Identify a state or federal law relevant to a Florida water resource conflict, and describe the relevant portion of the law’s ideals and purposes

(100-150 words or so)

 

Water Resources Dispute

Describe, in 200 words or less, how the selected law created or affected a dispute between stakeholders or a problem involving competing water resource needs. 

 

Maps and images

Include maps showing (1) the contextual location of the dispute on a Florida map,    (2) a local scale map providing detailed context if necessary, and (3) other useful visual imagery.

 

NOTE: This poster will be pinned up to a cork board. It does not need to be on a project board, and can be folded if necessary for transport.

 

Approaches

to Problem Solving

Describe one or more ways in which the stakeholders have tried to resolve the dispute (ex. a engineering projects, legislative efforts,  regulation or enforcement, litigation, violence etc.)

(100 words or so)

Stakeholders

Name & description of:

  • governmental entity responsible for implementing law;
  • other gov’t entities;
  • primarily affected non-government stakeholders

Information Needs

Describe one or two critical information needs that, once met, could or actually did improve implementation of the law or resolve the dispute (100 words or so)

FULL WEEK OVERVIEW:

Monday May 19, 2014 (all at UNESCO-IHE)

Welcome Session for Florida law students

        4pm Florida law student orientation

  • Students who arrive early can bring their travel bags to the UN Institute, which is located two blocks from the train station, and then engage in local tourism.
  • During orientation, students will be given maps of Delft and the Netherlands, transportation information, keys to rooms and an updated agenda.
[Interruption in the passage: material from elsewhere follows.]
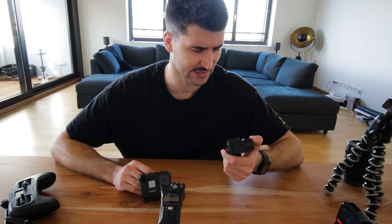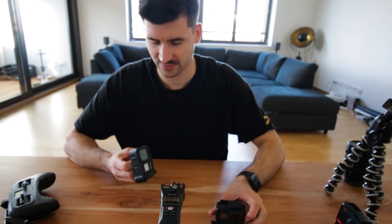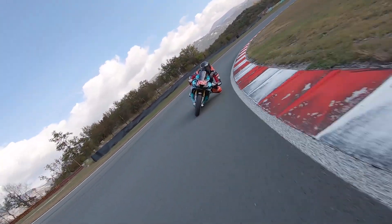Was habe ich überhaupt für GoPros? Viele denken, ich habe irgendwie 20 Stück. Ich habe meine alten sonst immer verkauft. Ich habe noch eine GoPro Hero 7 — da ist der Display schon gesprungen — und eine GoPro Hero 8. Die GoPro 7 ist quasi nur die Backup-Kamera, wenn ich zum Beispiel auf einem Motorrad eins nach hinten und eins nach vorne raus machen will. Ansonsten habe ich immer das Setup am Helm dran und filme mit meiner GoPro Hero 8.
        5pm  Everglades poster session & reception

  • 25% of grades are based on the poster session, which can be any pre-approved topic related to the Everglades, Lake Okeechobee, or the Kissimmee River.

Tuesday May 20, 2014: AN INTERNATIONAL PERSPECTIVE

8:30am The layers of law at UNESCO-IHE Jan Luijendijk

  • UN, UNESCO,  ICJ, EU, Netherlands & provinces, comparisons with U.S.

10-11am Train to The Hague, followed by lunch

1-4pm International Court of Justice, The Peace Palace

  • Chile v. Peru

Learning objective: Appreciation for role of international organizations in solving disputes between nations, the similarities and differences of governmental structure, and introduction to the entities governing water.

Wednesday, May 21, 2014: EUROPEAN PERSPECTIVES

8:45 am  EU, Netherlands & Rijkswaterstaat (Intro to European geography and water law) Frank Jaspers, UNESCO-IHE

10:30  Bus (comparative perspectives on Everglades, U.S. Clean Water Act)

11:30am-3:00 Room for the River at Biesbosch National Park (Lunch provided)

Learning objective: Accommodation of nature instead of resistance to address the international connectivity of watersheds; understanding the roles of engineering and land acquisition and finances

Thursday, May 22, 2014: NATIONAL PERSPECTIVES

8:45 am Netherlands Flood Control Law Lecture on water law by UNESCO expert (international law, EU)  Saki 

10:00  Bus Trip (Discussion of U.S. Army Corps of Engineers)

Noon-4 Watersnoodmuseum  & Zeeland

Learning Objective: Understand historic flooding as basis for Dutch perspectives on ecosystems vs. humans; consider long-term tensions between flood control and climate change

Friday, May 23, 2014: LOCAL PERSPECTIVES

9:00 Lecture: Port of Rotterdam and Maasvlakte 2 Frank Jaspers

10:00-1pm Visit Kinderdijk (Discussion of the Florida water management districts)

1pm Lunch & learn at Buena Vista (Dutch water districts)

Learning objective: Insights on land reclamation in historic context; study of the importance of technology.